This chapter covered implementation specific details for Vforce on the Cray XD1, as well as two processing objects created with Vforce and corresponding XD1 FPGA bitstreams. The first, an FFT, is a drop-in replacement for the existing VSIPL++ FFT processing object. The second processing object is a time-domain block adaptive beamformer. The beamforming processing object has a large granularity and breaks the application into two components: weight computation and weight application. Weight computation is always performed in software, while weight application runs
either in software or on an SPP. The beamformer is also designed to take significant advantage of GPP and SPP processing simultaneously. The next chapter describes benchmarking procedures used to test the two processing objects and presents an analysis of the results.
Chapter 5
Experiments & Results

This chapter covers the experiments that were run using the FFT and beamforming Vforce processing objects. The FFT testing focused on examining the overhead introduced by Vforce, while the beamforming results focused on task concurrency and performance relative to the previously existing Mercury implementation [2].

5.1 FFT

One of the features of Vforce is that it allows a program to automatically use SPP hardware for computation when possible; otherwise it performs the same computation on a GPP. To test the use of Vforce, two scenarios were examined:

1. Vforce hardware versus native API hardware: The Vforce FFT uses one of the system’s SPP to run the FFT and is compared to a program written for the specific system that uses the custom API for that system’s SPP. This scenario examines the overheads Vforce introduces when executing kernels on SPPs. The same SPP kernel is used in both cases, so any differences in performance
between the two are due to overhead Vforce adds.

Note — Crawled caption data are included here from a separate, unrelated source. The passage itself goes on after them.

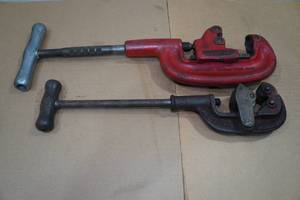 lot 19 image: 2 Pipe Cutters - Ridgid, American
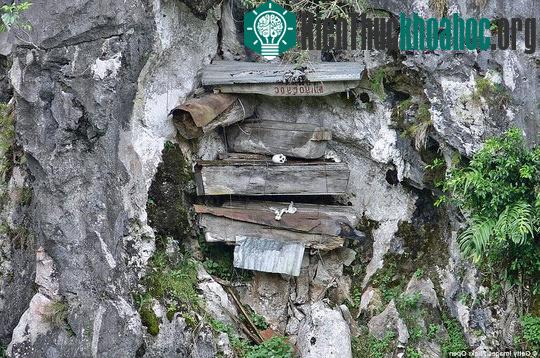 Quan tài treo trên vách đá của người Igorot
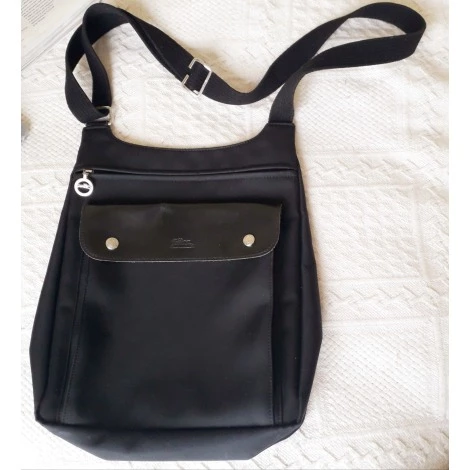 Sac En Bandoulière En Tissu Longchamp 1 Sac En Bandoulière En Tissu Longchamp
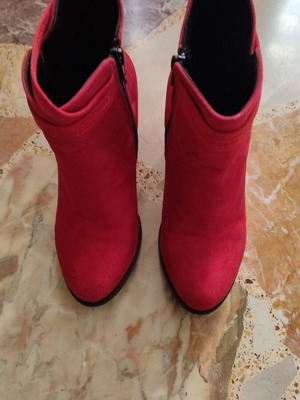 Women's Castor Ankle Boots like new, red, heel 8 cm, size 37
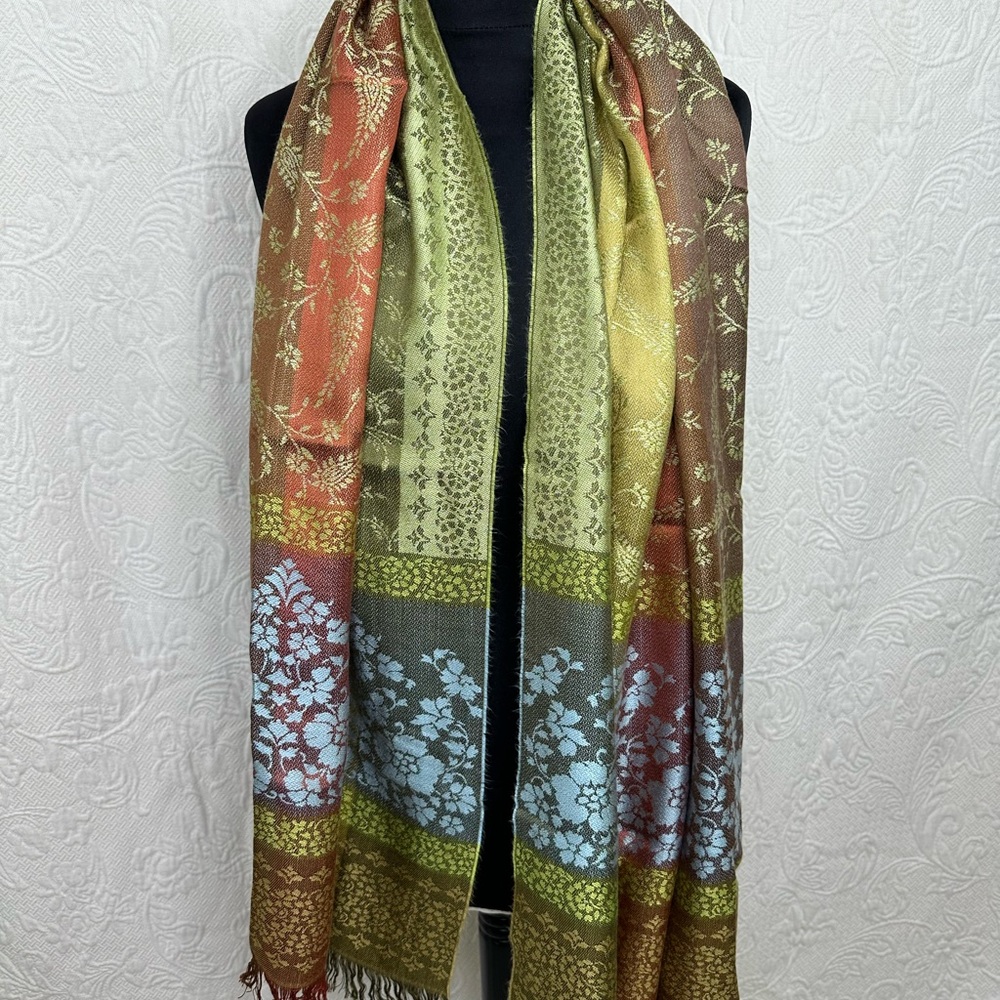 Descours Paris SILKY Micro Acrylic Woven Floral Patchwork Wrap - Picture 3 of 6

2. Vforce software versus VSIPL++ software: The Vforce FFT executes the FFT on the system’s GPP and is compared to a VSIPL++ program that implements the same FFT. The Vforce FFT processing object is an example where the Vforce processing object has the same functionality and granularity as an existing VSIPL++ processing object, and as a result, the Vforce FFT processing object relies on the VSIPL++ FFT to run the GPP FFT when hardware is not available or fails. Like the hardware scenario, the FFT itself is executed by the same FFT library on the same GPP meaning that differences in performance are due to overhead from Vforce.

These two scenarios require three programs in total: a C implementation that directly accesses the native FPGA API, a VSIPL++ implementation, and a Vforce implementation. The tests were run on a Cray XD1, as discussed in Section 4.1. The native application was written in C and uses the Cray FPGA API specified for the XD1’s Application Acceleration Processors. The same Vforce application binary was used in both Vforce scenarios, and for both scenarios the manager was running. The hardware runs include the RTRM, IPC, and any of the other overhead incurred from using Vforce. To force the Vforce application to fall back to software execution of the FFT in the second scenario, the XD1 FFT kernel was removed from the bitstream library on the XD1. The software timing includes the overhead added by a request to the RTRM for hardware, a kernel lookup (currently implemented by the XD1 DLSL
by checking for the existence of a file with a specific name, see Section 4.1.1), and a negative response from the RTRM to the user application. While the VSIPL++ FFT program is a separate executable from the Vforce FFT program, the code is identical. The only difference between the two are the libraries included when compiling the program.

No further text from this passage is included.